Wo immer sich etwas bewegt, ist dem Machtkampf und dem massiven Konflikt der Interessen ein kleines Element von Tanz beigegeben – also von einer gemeinsamen Bewegung, in der einer auf die Antwort des anderen angewiesen ist. Auch der Tanz folgt Regeln, die sehr genau festgelegt sei können – aber schön wird er erst dann, zu neuen Ergebnissen führt er erst, wenn er nicht nur korrekt abbewegt wird, sondern improvisatorische Elemente und ein surplus des Zusammenspiels von eigener Qualität zeigt.

 

Ich selbst habe mich nie an der Tangomode beteiligt und verstehe davon so wenig wie vom Bauchtanz.

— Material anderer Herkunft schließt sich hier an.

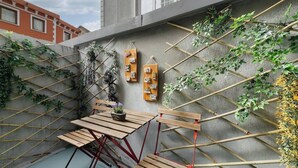 A rooftop garden with a wooden table, bamboo trellis, and hanging planters. - Daphne Pera ; Sakura Apart, City Center (Beyoglu)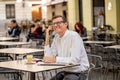 Smiling attractive stylish mature man using smart phone checking online sitting outside coffee shop Royalty Free Stock Photo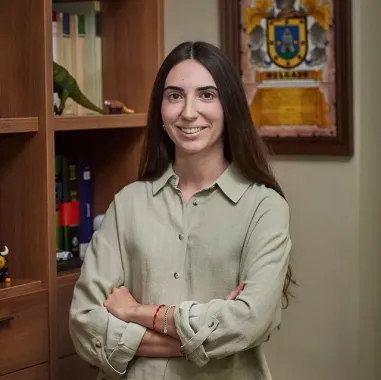 Mujer de pie con los brazos cruzados en una oficina, con estanterías y un escudo enmarcado detrás de ella.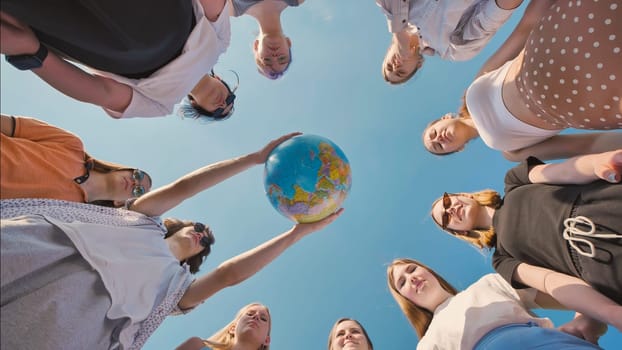 Group of school friends forming a circle, holding a globe together, symbolizing their commitment to environmental protection and global unity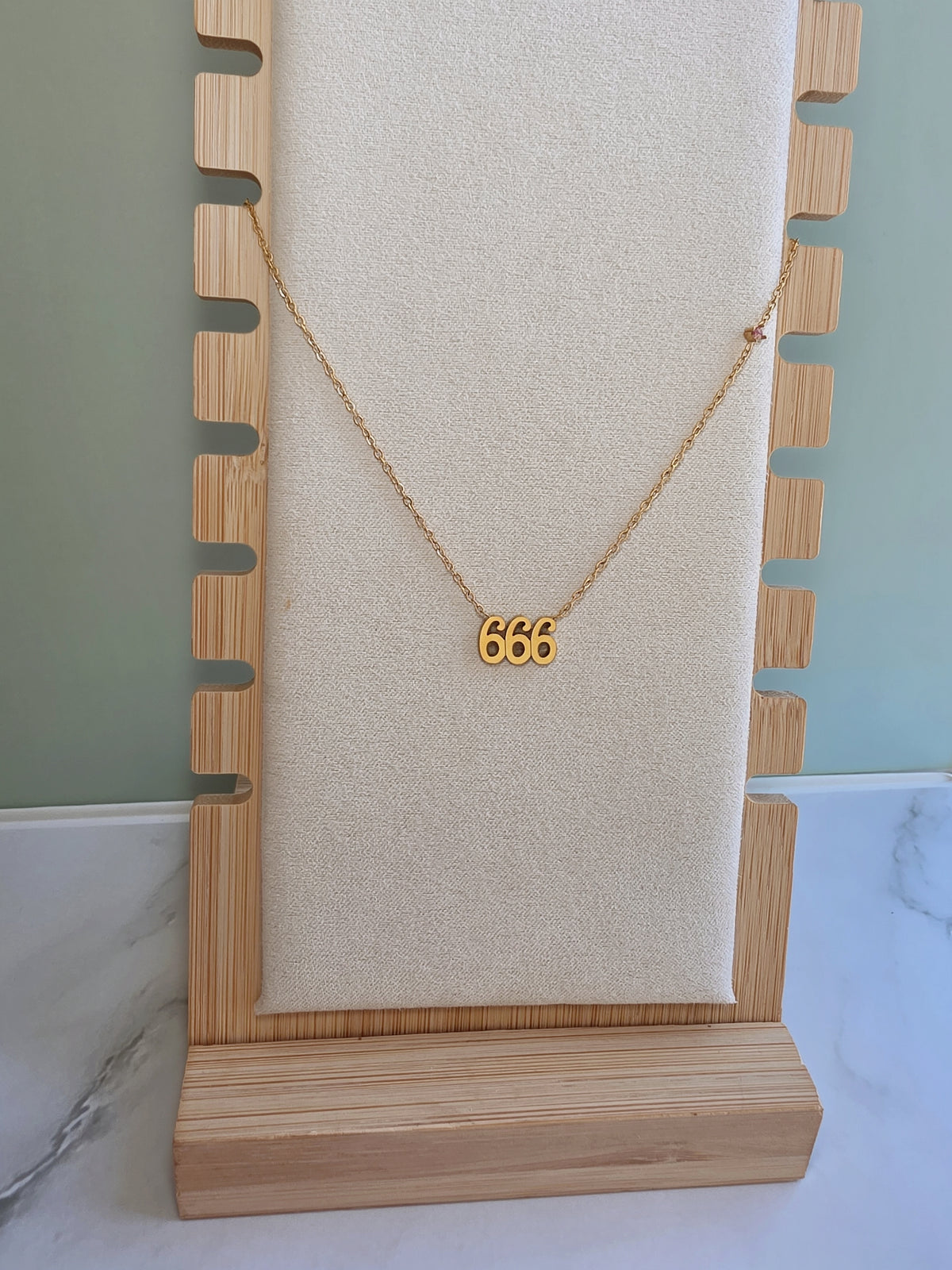 Gold angel number pendant necklace worn by a woman.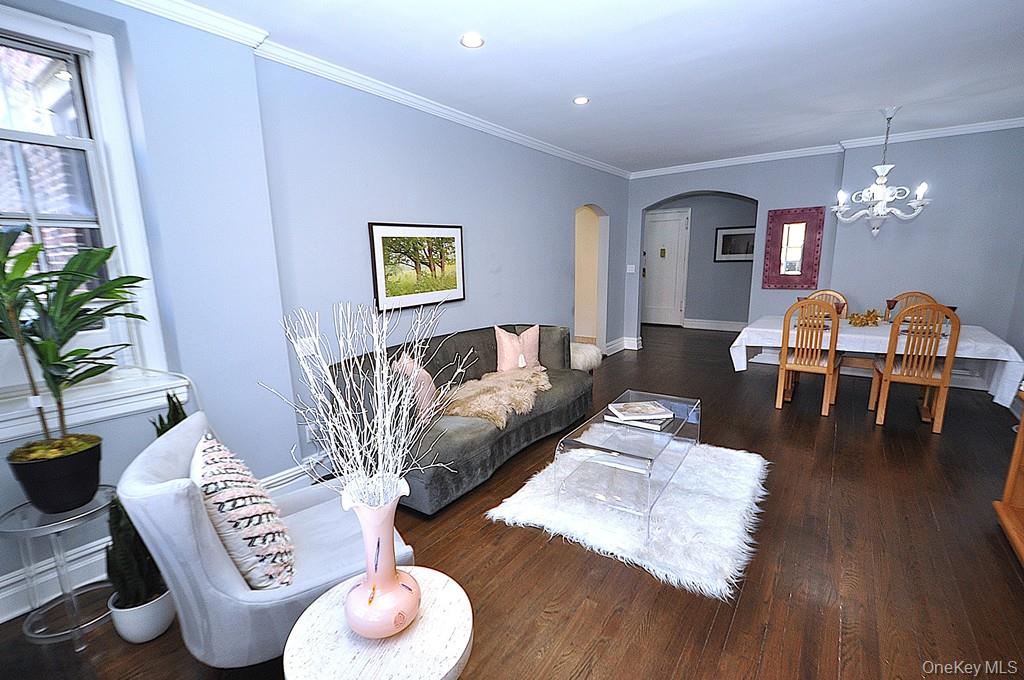 253 Garth Road, Unit 1T Scarsdale, NY 10583 - Photo 7 of 45 a living room with furniture and a wooden floor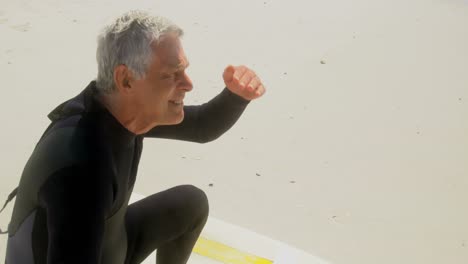 vista lateral de un surfista masculino caucásico sénior activo con ojos protectoras mirando al mar en la playa 4k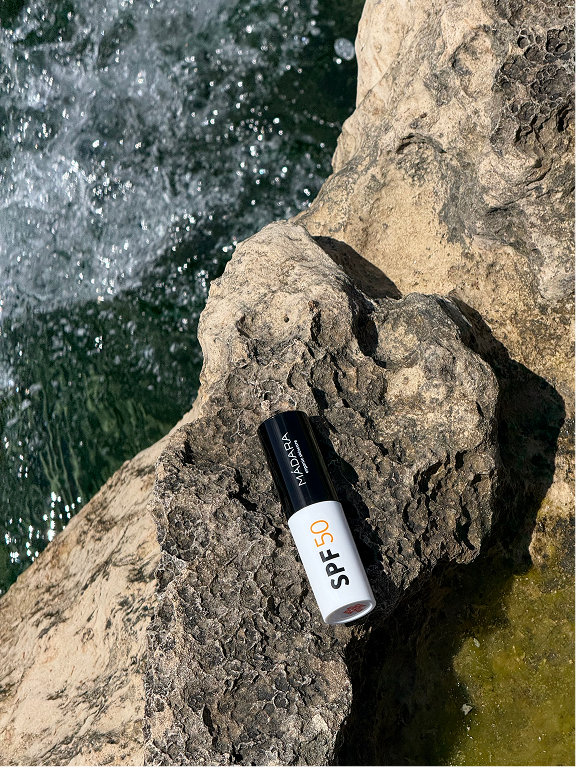 Madara SPF 50 sunscreen stick placed on a sunlit rock beside flowing water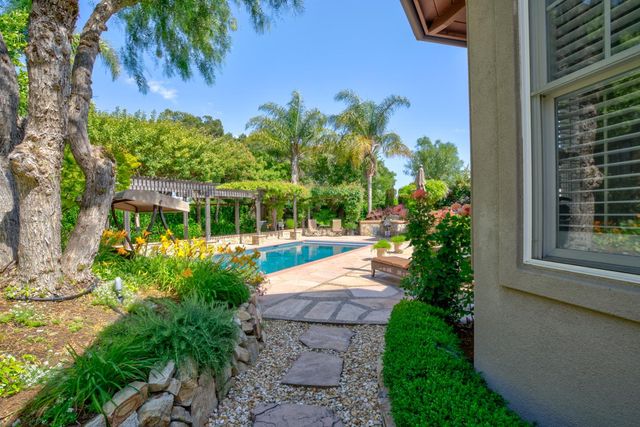 a view of a house with a yard and garden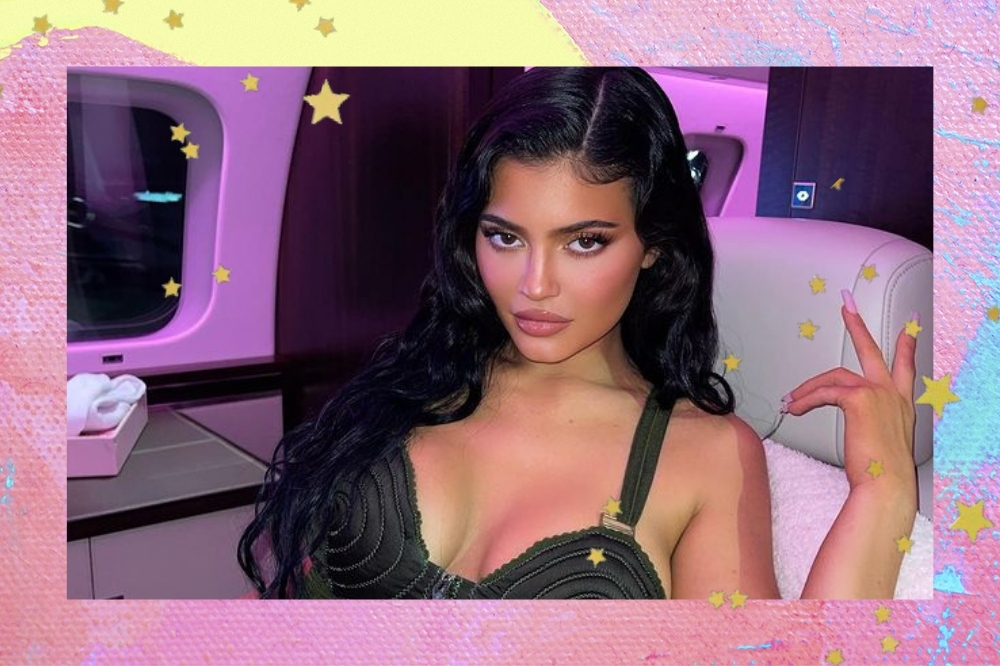 Montagem com o fundo rosa e amarelo com detalhe de estrelinhas douradas com a foto da Kylie Jenner. Na foto ela usa um top preto, cabelo solto e maquiagem. Ela olha para a câmera e não sorri.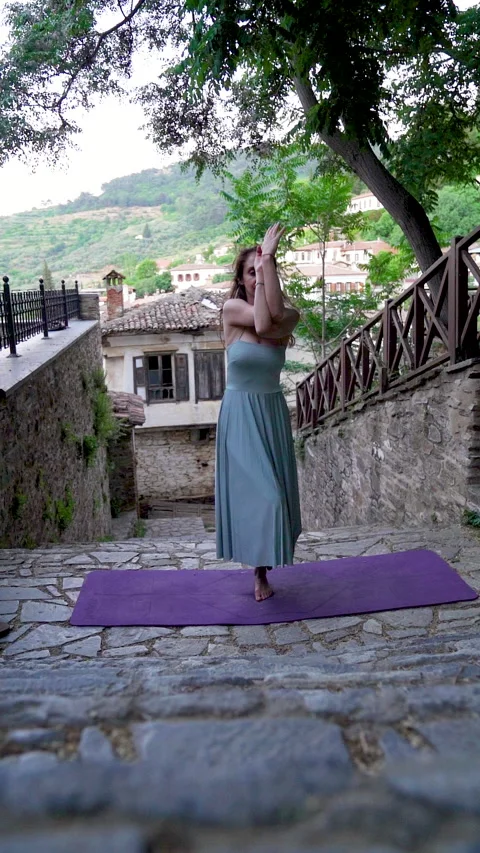 Woman doing yoga eagle pose on a historic street in Sirince village Stock Footage 336139672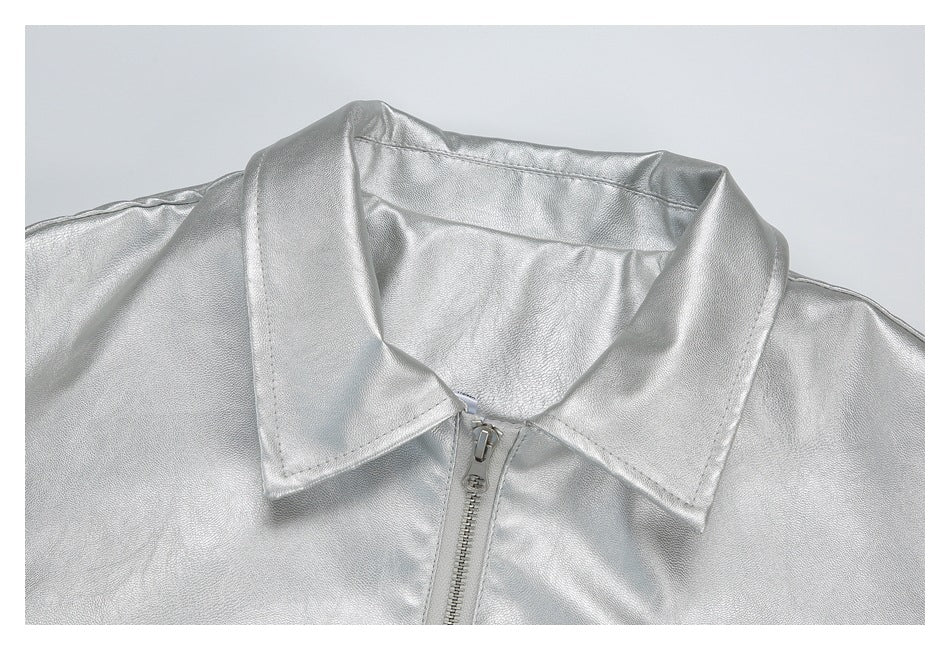 Close-up of a silver jacket's pointed collar and front zipper.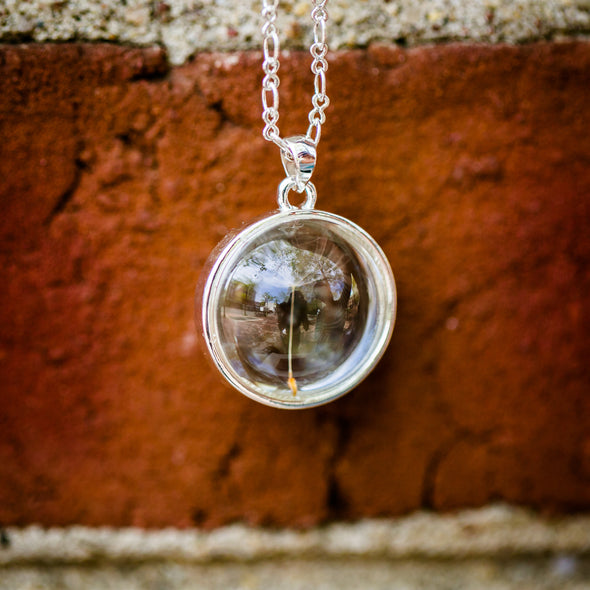 sterling silver dandelion seed necklace with single seed, red brick background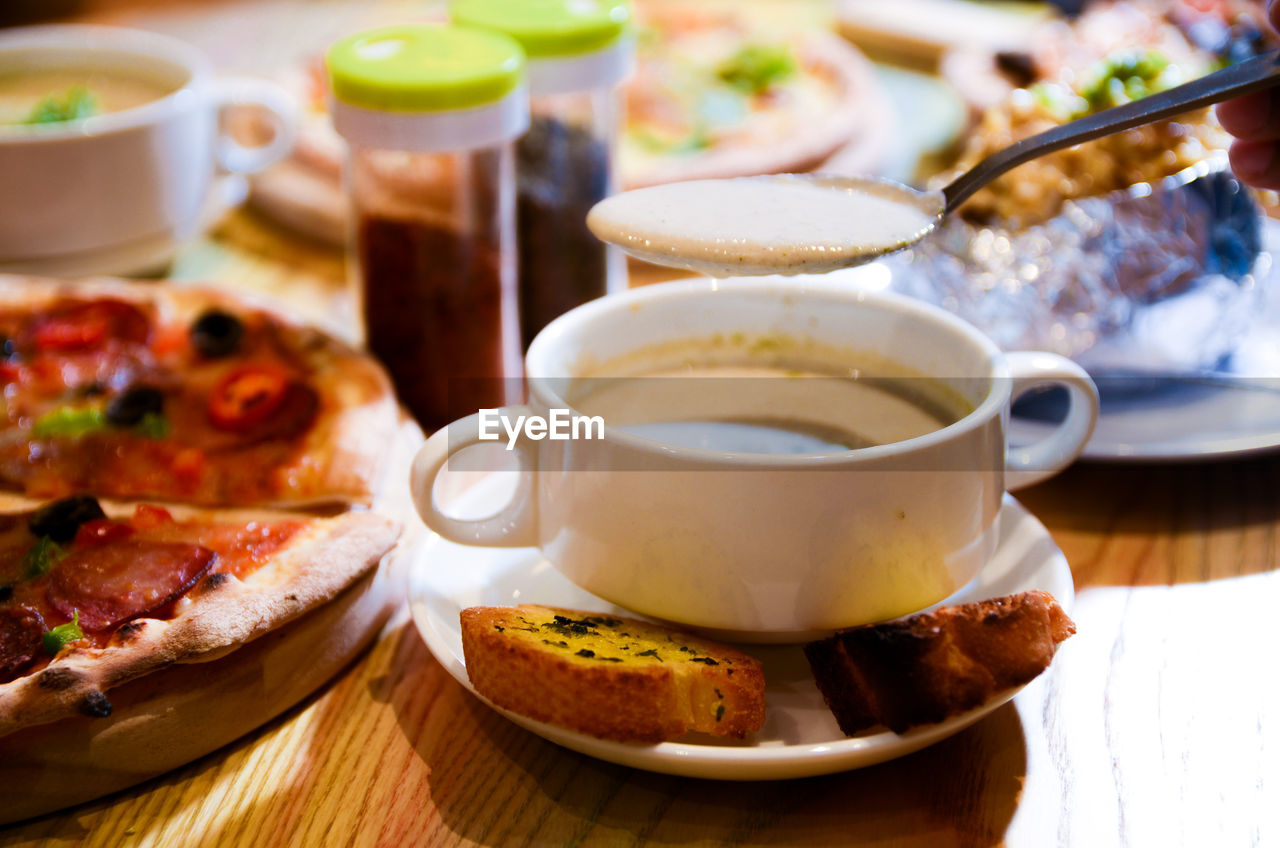 CLOSE-UP OF COFFEE AND CUP ON TABLE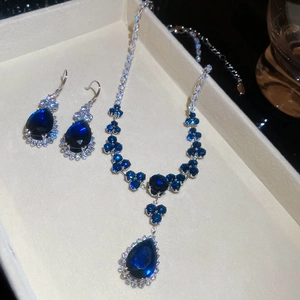 Macro shot of silver zircon flower jewelry set with dark blue teardrop pendants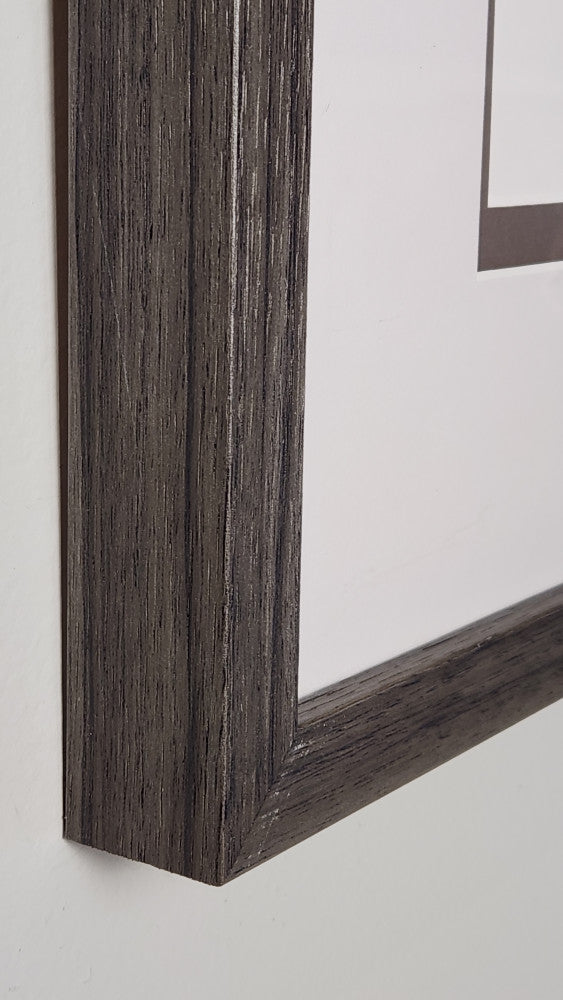 Close-up of a wooden picture frame on a white background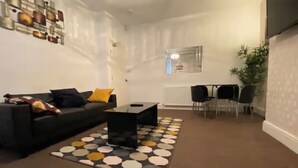 A modern living room with a black sofa, a coffee table, and a patterned rug. There is a dining area with a table and chairs.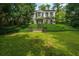Traditional home exterior with lush front yard and charming stone stairway at 2 W Muscogee Nw Ave, Atlanta, GA 30305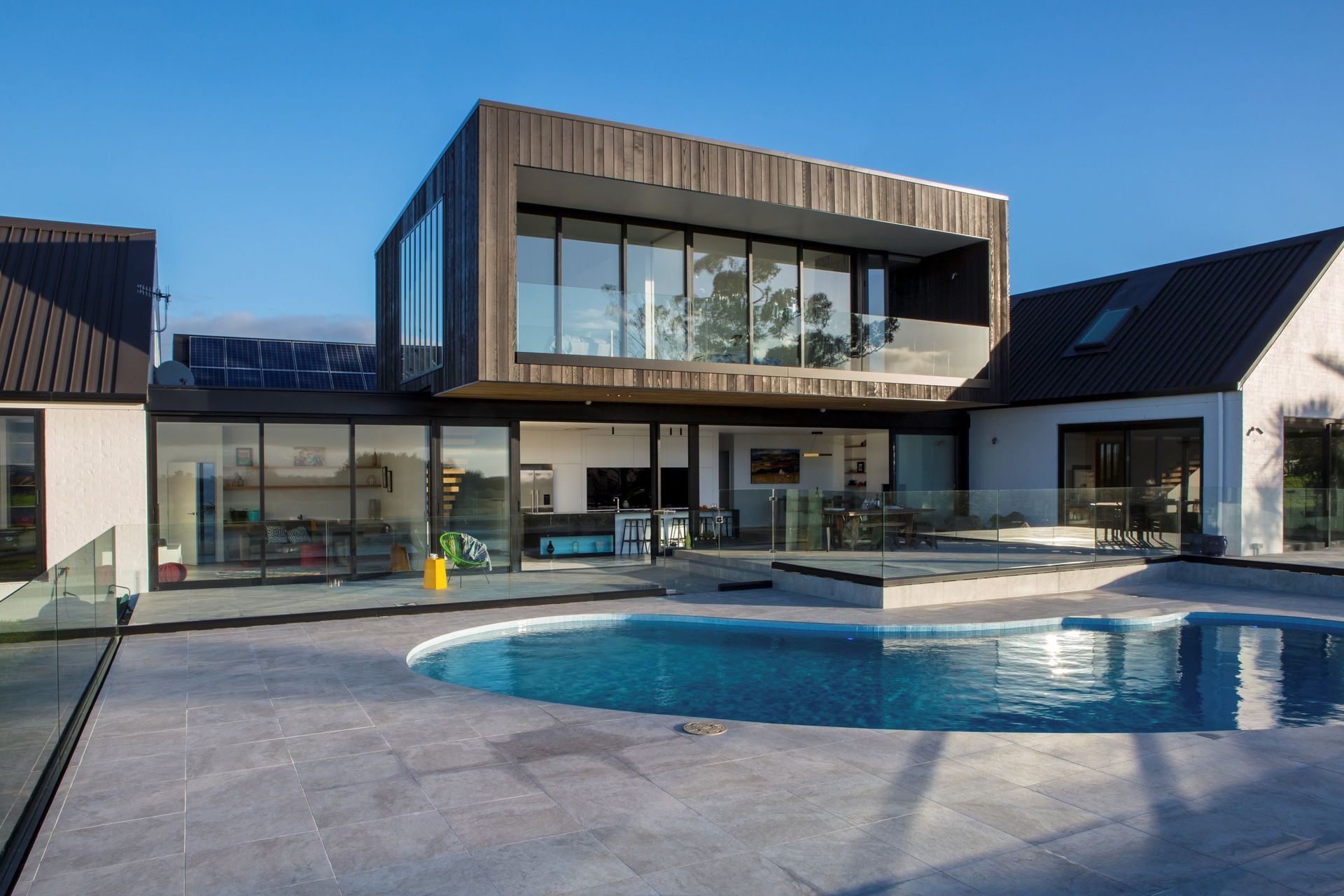 A modern take on a kidney-shaped pool in this stylish home in Whitford. | Photography: Emma-Jane Hetherington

Aber ich habe gesehen, was aus beiden Tanzkünsten wird, wenn sie allzu bewusst in Kirchen und Führungskräfteausbildungen (zu denen ja die mittlerweile nur besser verdeckte Ausbildung des geeigneten Partners leider nach wie vor gehört) eingesetzt werden, um einer in Wahrheit strikt hierarchischen und funktionalistischen Einrichtung wenigstens den Anschein von Freiheit und Leichtigkeit zu geben. Klassisch psychoanalytisch gesprochen würde man sagen müssen: Ursprünglich der Kultivierung des Erotischen dienend, treten die Tanzaktivitäten bald ganz in den Dienst eines aggressiven und mit Perfektionismus quälenden „Über-Ich“ – und verwandeln sich von einer Öffnung in der Mauer zu einem weiteren Mauerstein.

 

Diese Verwandlung lässt sich wohl nie und nirgends verhindern. Ihre Kehrseite ist, dass manchmal auch ein mit voller Absicht dicht verpflasterter Platz durch eine kleine falsche Bewegung am Fotoapparat in einen wilden Tanz ausbrechen kann, der aus einer dem Dienst an der Kultur verpflichteten und für manche Schrägheiten der Kultur tatsächlich offenen Kirche mitten in der deutschen Hauptstadt eine Art Spitzentänzerin wider Willen macht. Wie immer es zu der großen Bewegung in den Straßen des Iran gekommen sein mag, ob durch mehodische Planung oder spontan: Den Protestierenden im Iran wünsche ich, dass ihre Führung sich ähnlich auf den Kopf stellt wie hier die Matthäuskirche, um das Land kulturell weiter und seiner ganz eigenen Freiheit näher zu bringen.